MICROSCOPIC EXAMINATION AND QUANTITATIVE ANALYSIS

The neural structures visualized histochemically for AChE were examined stereoscopically at 12.5× magnification using a Stemi 200 CS stereomicroscope (Zeiss, Gottingen, Germany) applying a transient light from optic fiber illuminators (Zeiss, Gottingen, Germany). To identify the external morphology of certain ganglia and the number of interganglionic nerves, preparations were additionally analyzed using a contact microscope LUMAM K-1 (Lomo, St Petersburg, Russia) at 10× magnification. The stereoscopically observed ganglia and nerves were photographed at 4× using an objective Microplanar (F = 65 mm; Lomo, St Petersburg, Russia) and digital camera Axiocam HRc (Zeiss, Gottingen, Germany). The adjustments of final images and measurements of cardiac ganglia were performed using AxioVision 4.7.1 software (Zeiss, Jena, Germany). The whole mounts stained immunohistochemically were analyzed utilizing an AxioImager Z1 fluorescence microscope (Zeiss, Gottingen, Germany) equipped with a set of filters to observe the fluorescein isothiocyanate (FITC) and cyanine (Cy3) fluorescence, an Apotome (Zeiss, Gottingen, Germany), optics for a differential interferential contrast (DIC) and digital monochrome camera AxioCam MRm (Zeiss, Gottingen, Germany).

STATISTICAL ANALYSIS

Data were expressed as mean ± standard error of the mean (SEM). Linear regression was used to quantitatively estimate the relation between the ganglion area and the number of interganglionic nerves (Microcal Origin 6.1, Microcal Software Inc., Northampton, MA, USA). Significance was accepted at P < 0.05.

Results

DISTRIBUTION OF TH- AND CHAT-STAINED NERVE FIBERS IN THE INTRINSIC CARDIAC NERVES

Immunohistochemistry for TH and ChAT performed after histochemical staining of intrinsic cardiac nerves and ganglia for AChE (see Methods) demonstrated clearly the coincident AChE distribution with both the TH and ChAT positive nerve fibers (Fig. 1). Although AChE positivity or intensity of staining was not precisely measured in this study, it was obvious that intraneural staining for AChE occurs even in nerves that involve principally the TH immunoreactive nerve fibers (Fig. 1). In general, the ChAT immunoreactive nerve fibers did prevail in comparatively thinner epicardial nerves that were the most intensely stained by brown precipitates of histochemical reaction for AChE. All intrinsic cardiac ganglia examined in the present study contained the ChAT immunoreactive neurons and were well stained for AChE.

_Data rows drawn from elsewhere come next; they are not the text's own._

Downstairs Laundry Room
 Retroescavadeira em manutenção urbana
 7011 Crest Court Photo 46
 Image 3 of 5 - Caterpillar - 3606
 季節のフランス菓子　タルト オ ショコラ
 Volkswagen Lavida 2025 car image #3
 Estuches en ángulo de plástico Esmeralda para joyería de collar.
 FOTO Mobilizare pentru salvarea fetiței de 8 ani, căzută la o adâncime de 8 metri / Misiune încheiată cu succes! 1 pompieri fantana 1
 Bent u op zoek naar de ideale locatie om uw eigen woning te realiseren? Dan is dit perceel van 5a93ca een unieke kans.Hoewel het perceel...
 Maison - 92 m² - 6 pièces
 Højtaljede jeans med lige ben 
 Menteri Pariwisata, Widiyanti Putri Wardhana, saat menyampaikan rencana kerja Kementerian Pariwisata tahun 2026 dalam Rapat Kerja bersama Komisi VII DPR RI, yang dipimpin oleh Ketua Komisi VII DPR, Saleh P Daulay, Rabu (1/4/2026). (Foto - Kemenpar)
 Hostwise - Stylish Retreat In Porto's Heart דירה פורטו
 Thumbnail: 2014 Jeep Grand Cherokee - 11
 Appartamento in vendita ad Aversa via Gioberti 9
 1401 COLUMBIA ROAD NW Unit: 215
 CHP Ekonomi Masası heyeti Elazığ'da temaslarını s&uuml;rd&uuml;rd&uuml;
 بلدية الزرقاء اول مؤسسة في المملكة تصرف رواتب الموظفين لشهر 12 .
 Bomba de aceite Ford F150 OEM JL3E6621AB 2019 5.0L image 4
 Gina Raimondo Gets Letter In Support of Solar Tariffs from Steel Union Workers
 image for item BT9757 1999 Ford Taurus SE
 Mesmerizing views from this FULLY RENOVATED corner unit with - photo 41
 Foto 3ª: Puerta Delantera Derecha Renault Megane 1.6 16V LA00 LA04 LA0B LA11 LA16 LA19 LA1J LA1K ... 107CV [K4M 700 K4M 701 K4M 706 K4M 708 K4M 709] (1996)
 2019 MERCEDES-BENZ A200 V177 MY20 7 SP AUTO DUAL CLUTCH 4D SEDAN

Fig 1 — Microphotograph demonstrating the presence of AChE within intrinsic cardiac nerves composed predominantly by TH-positive (adrenergic) and a few of ChAT-positive (cholinergic) nerve fibers. The image was taken from a whole mount heart preparation that was immunohistochemically double labeled for ChAT (a) and TH (b) and subsequently stained histochemically for AChE (c). Note the sharp contrast of the AChE staining compared with the ChAT labeling. Boxed areas within images were enlarged as the right upper insets to demonstrate the appearance of cholinergic and adrenergic nerve fibers within AChE positive nerve of mouse heart.

ACCESS OF MEDIASTINAL NERVES INTO THE MOUSE HEART

The left and right cervicothoracic and the second thoracic sympathetic ganglia as well the both vagal nerves were obvious neural sources from which extrinsic nerves extended toward and reached the mouse heart hilum. The right sympathetic and vagal nerves got into the heart hilum at the right cranial vein, whereas the left nerves entered at the left cranial vein (Fig. 2–4).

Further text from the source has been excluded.